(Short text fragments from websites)
<<<<

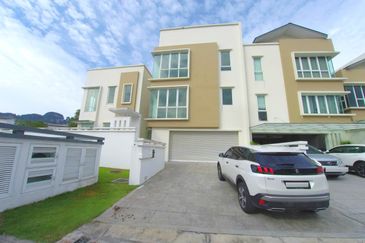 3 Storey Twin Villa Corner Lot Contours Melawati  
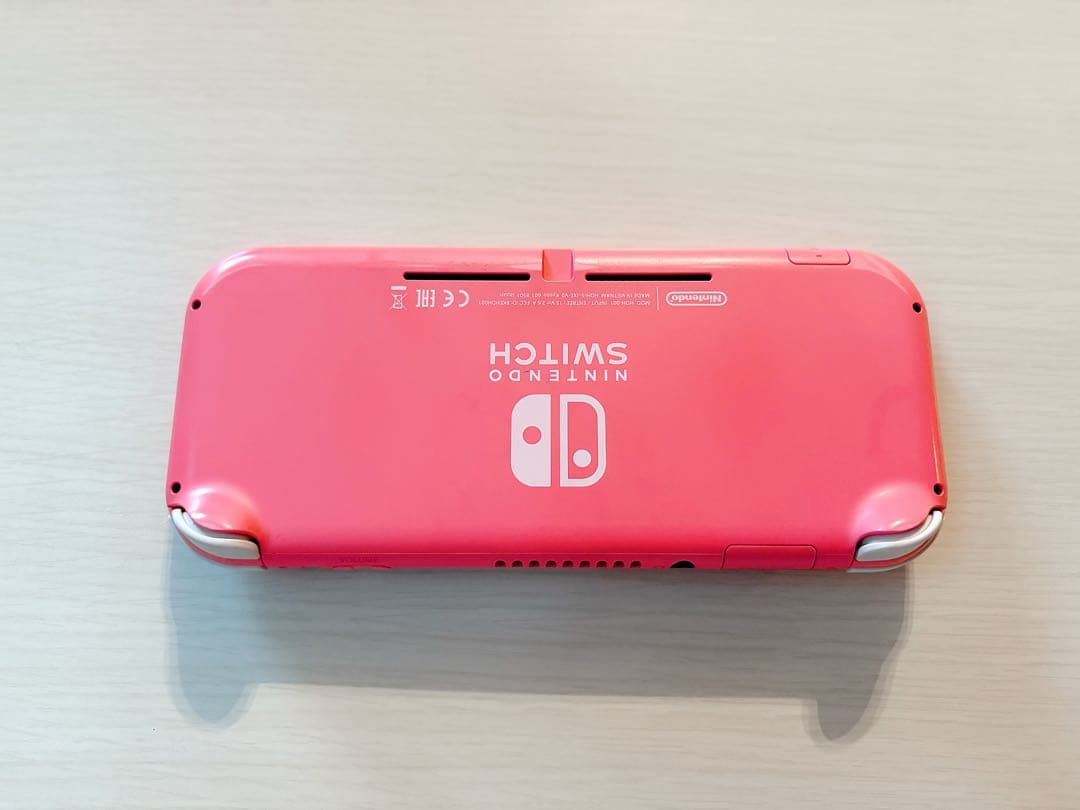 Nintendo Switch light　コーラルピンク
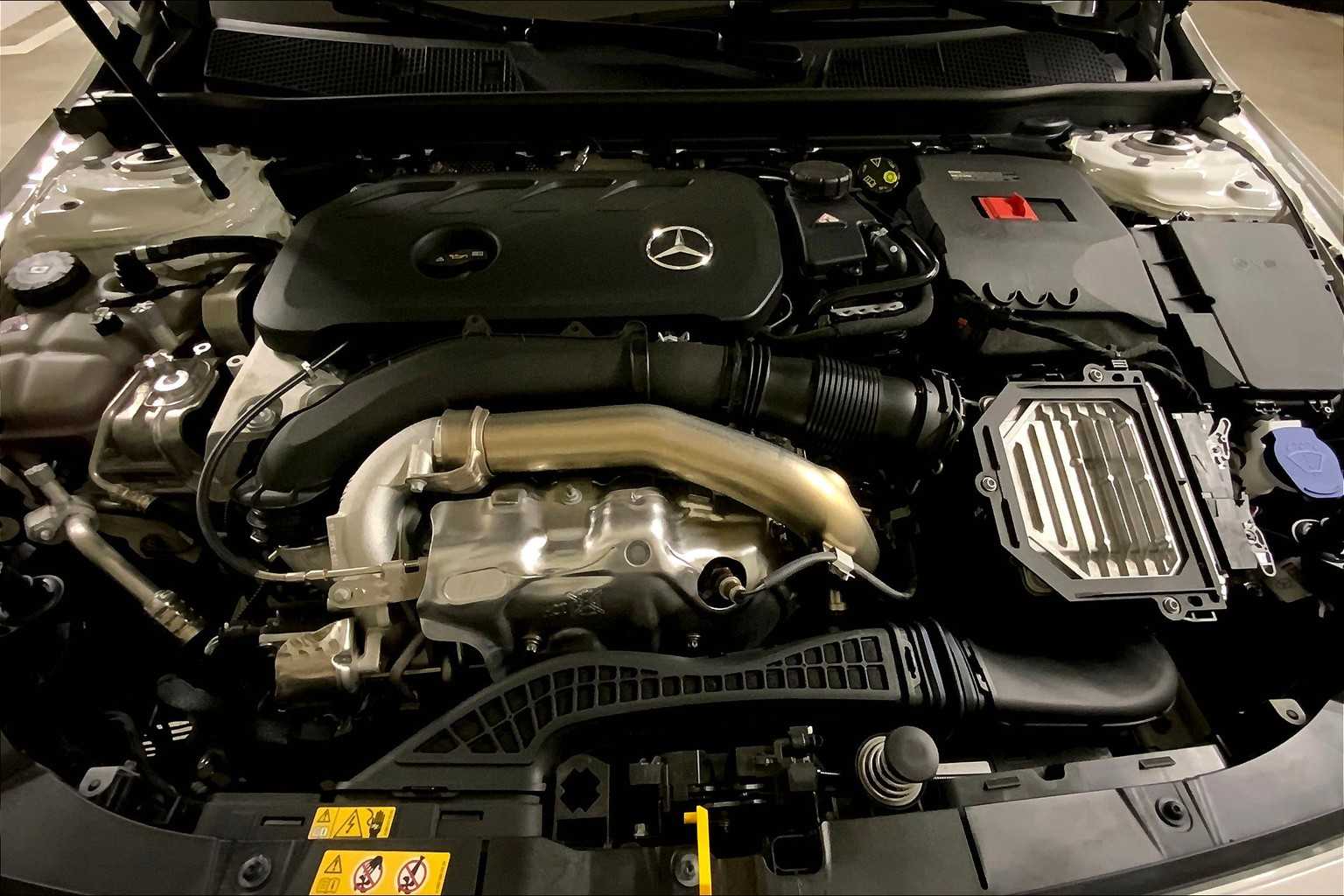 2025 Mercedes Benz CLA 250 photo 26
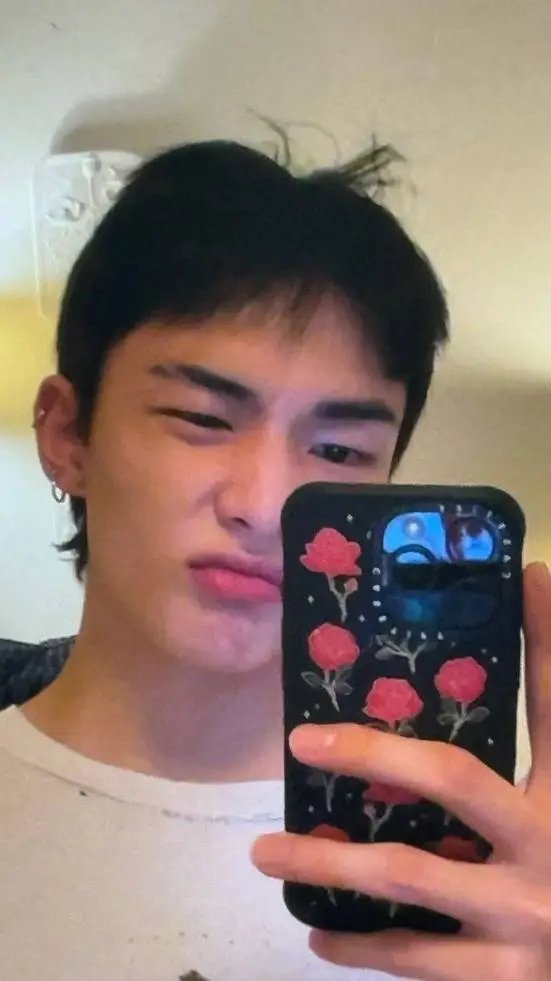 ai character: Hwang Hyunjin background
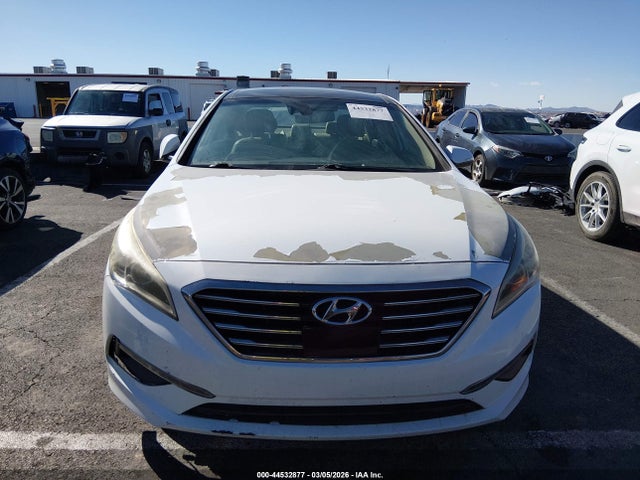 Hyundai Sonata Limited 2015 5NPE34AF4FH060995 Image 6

>>>>

• [Problem]: The records above should be output exactly, but without any of their pictures.

• [Reply]:
 3 Storey Twin Villa Corner Lot Contours Melawati  
 Nintendo Switch light　コーラルピンク
 2025 Mercedes Benz CLA 250 photo 26
 ai character: Hwang Hyunjin background
 Hyundai Sonata Limited 2015 5NPE34AF4FH060995 Image 6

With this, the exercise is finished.